The global temperature has increased to a level not seen for 115,000 years, requiring daunting technological advances that will cost the coming generations hundreds of trillions of dollars, according to the scientist widely credited with bringing climate change to the public’s attention.

A new paper submitted by James Hansen, a former senior Nasa climate scientist, and 11 other experts states that the 2016 temperature is likely to be 1.25C above pre-industrial times, following a warming trend where the world has heated up at a rate of 0.18C per decade over the past 45 years.

This rate of warming is bringing Earth in line with temperatures last seen in the Eemian period, an interglacial era ending 115,000 years ago when there was much less ice and the sea level was 6-9 meters (20-30ft) higher than today.

In order to meet targets set at last year’s Paris climate accord to avoid runaway climate change, “massive CO2 extraction” costing an eye-watering $104tn to $570tn will be required over the coming century with “large risks and uncertain feasibility” as to its success, the paper states.

“There’s a misconception that we’ve begun to address the climate problem,” said Hansen, who brought climate change into the public arena through his testimony to the US congress in the 1980s. “This misapprehension is based on the Paris climate deal where governments clapped themselves on the back but when you look at the science it doesn’t compute, it’s not true.

“Even with optimistic assumptions (future emissions reduction) will cost hundreds of trillions of dollars.
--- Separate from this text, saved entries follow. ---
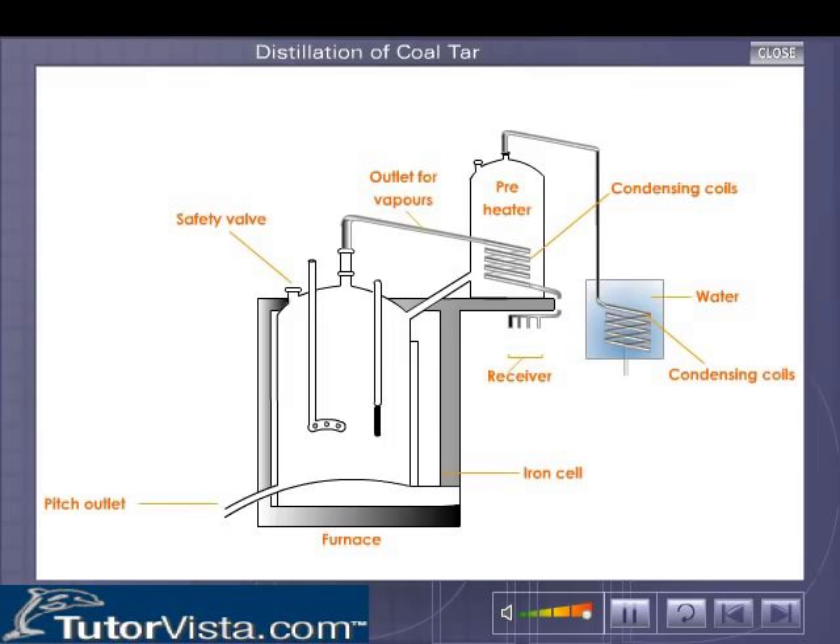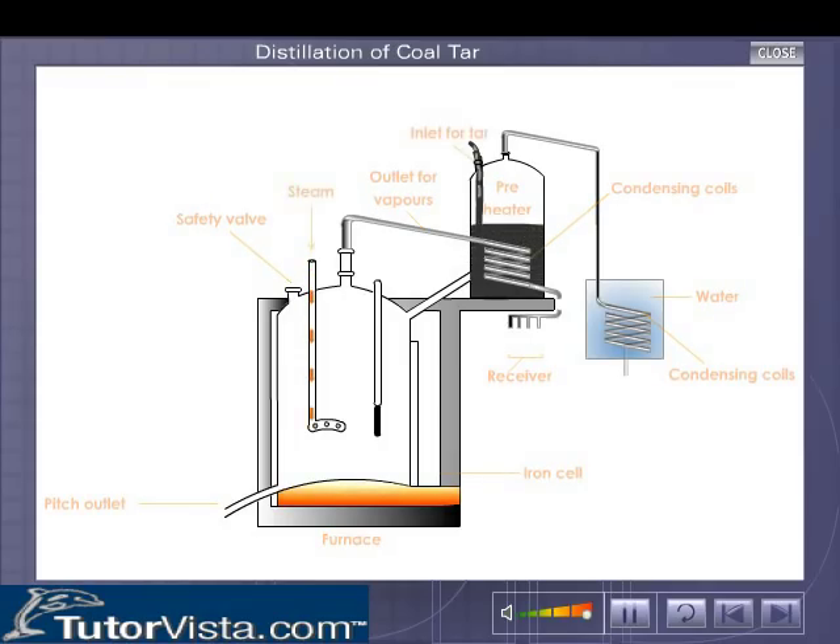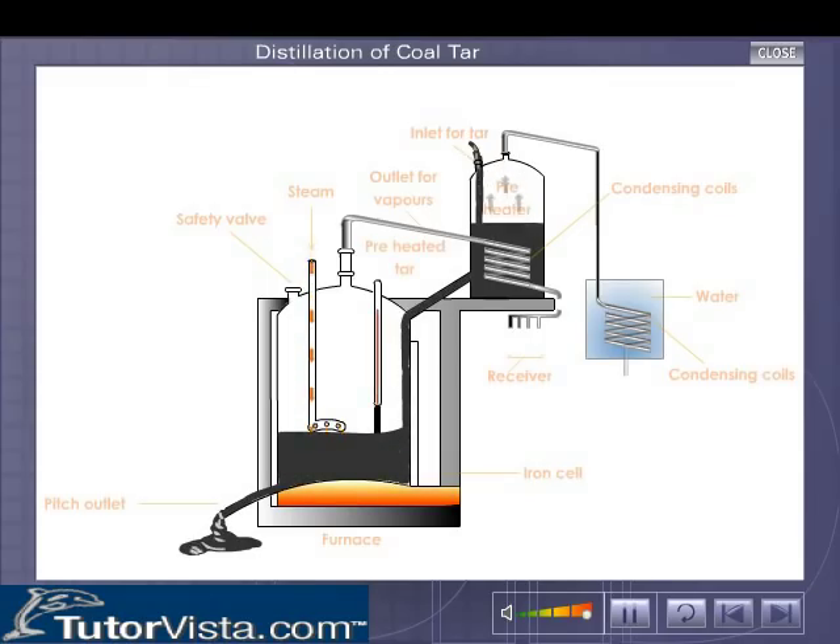For carrying out distillation, coal tar is introduced in a preheater provided with a set of condensing coils. These coils carry hot vapours from the furnace. As a result of the heat of the pipes, the water present in the coal tar is evaporated. Some low boiling hydrocarbons are also removed with the help of condensing coils immersed in water.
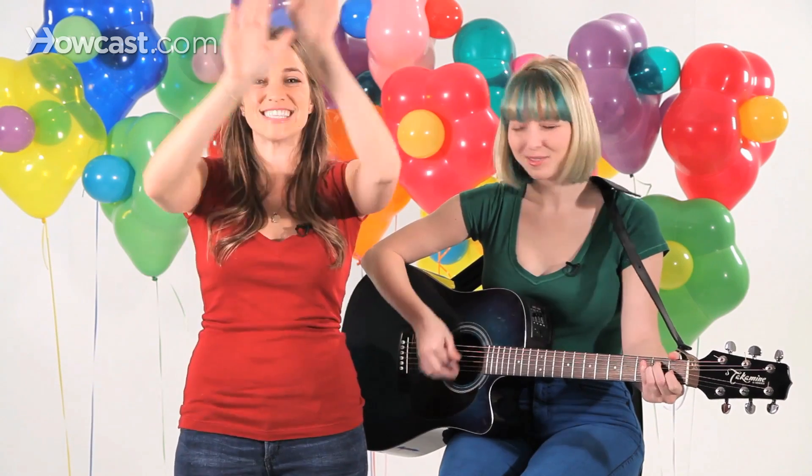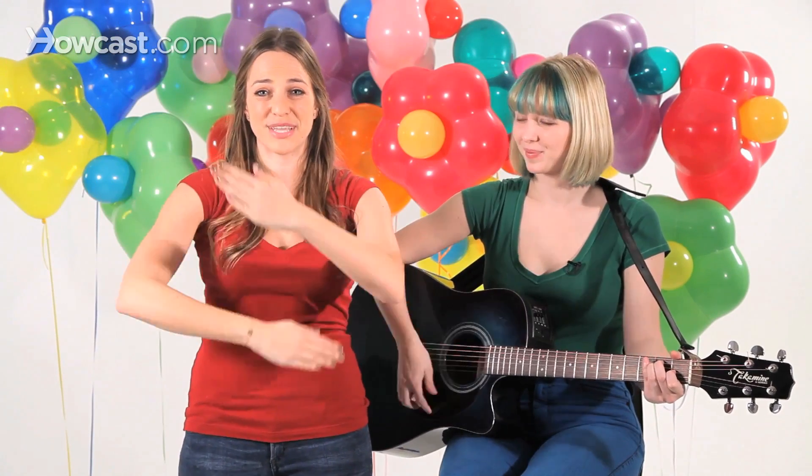This old man, he played seven. He played knick-knack up to heaven. With a knick-knack, paddy-whack, give a dog a bone. This old man, he came rolling home.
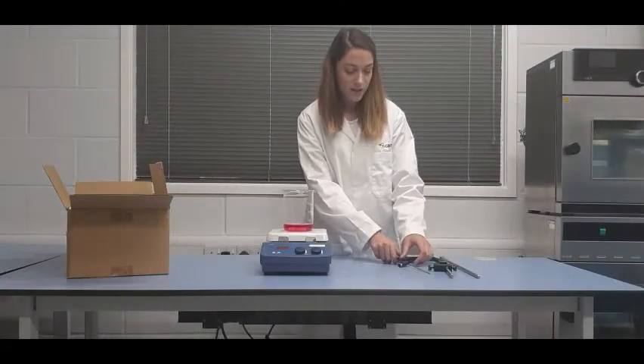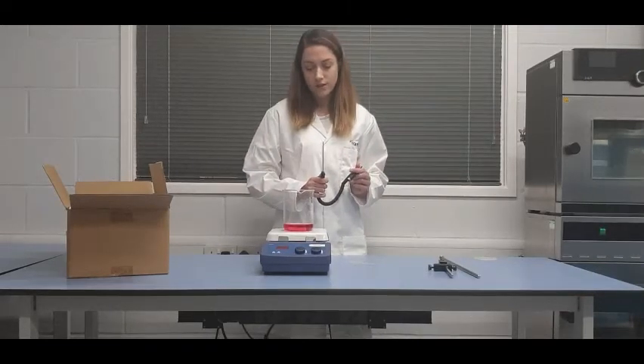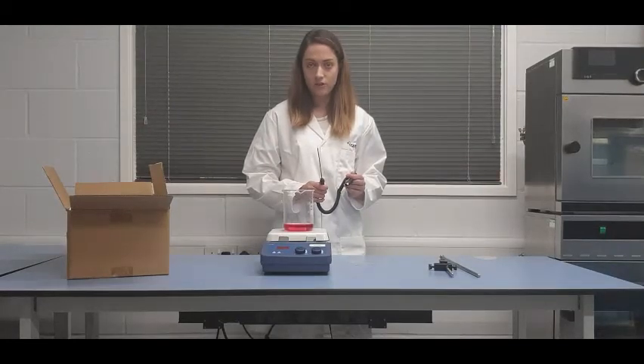With this hot plate stirrer, there is the option to use an external PT-1000 probe. This enables you to control the temperature of the heated sample itself rather than the temperature of the hot plate.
It’s potentially putting young people in charge of a situation that is beyond their control. It’s not clear they will be able to take such actions.”

The paper, submitted as a discussion paper to the Earth System Dynamics journal, is a departure from the usual scientific process as it has yet to be peer reviewed and has been launched to support a legal case waged by a group of young people against the US government.

Last year, 21 youths aged between 8 and 19 years old filed a constitutional lawsuit against the Obama administration for failing to do enough to slow climate change. Hansen and his granddaughter are parties to legal challenge, which was filed in Oregon and asserts that the government has violated young people’s rights to life, liberty and property.

Hansen, who has become increasingly outspoken on climate change since retiring from Nasa in 2013, said he recognized some scientists might object to publicizing the paper so soon but that “we are running out of time on this climate issue.”

The courts need to step in to force governments to act on climate change because they are largely free of the corrupting influence of special interests, Hansen said. He repeated his call for a global tax to be placed upon carbon emissions and said that fossil fuel companies should be forced to pay for emissions extraction in the same way the tobacco industry has been sued over the health impact of cigarettes.

“The science is crystal clear, we have to phase out emissions over the next few decades,” Hansen said. “That won’t happen without substantial actions by Congress and the executive branch and that’s not happening so we need the courts to apply pressure, as they did with civil rights.”

Several recent studies have cast doubt over whether the world will stay with an aspirational target set in Paris of a 1.5C limit on the average global temperature rise. This guardrail, and even the 2C limit agreed by 195 nations, appears dependent on as-yet undeveloped technology that would remove greenhouse gases from the atmosphere.

Under this scenario, huge emissions cuts would be supplemented by a widespread conversion to biofuels that would be burned for energy. The emissions from this energy would then be buried underground. Some sort of futuristic technology that sucks CO2 directly from the atmosphere may also be required.

Hansen said this is a “dubious” proposition because it requires a vast change in land use at a time where a growing global population will require more food. There are also major doubts whether technology to capture CO2 and lock it underground, often touted as a panacea by the fossil fuel industry, will be developed in time to help avoid the dangerous sea level rise, drought, heatwaves and disease spurred by warming temperatures.

Last week, the National Oceanic and Atmospheric Administration said that carbon dioxide levels will not drop below the symbolic 400 parts per million (ppm) mark in our lifetimes – the highest concentration of CO2 since the Pliocene era 3m years ago.

The environment of this time, where sea levels were around 65ft higher than today and trees were able to grow near the north pole due to a lack of ice, is a “bellwether for what future climate might be like,” according to Bruce Bauer, a scientist with NOAA’s National Centers for Environmental Information.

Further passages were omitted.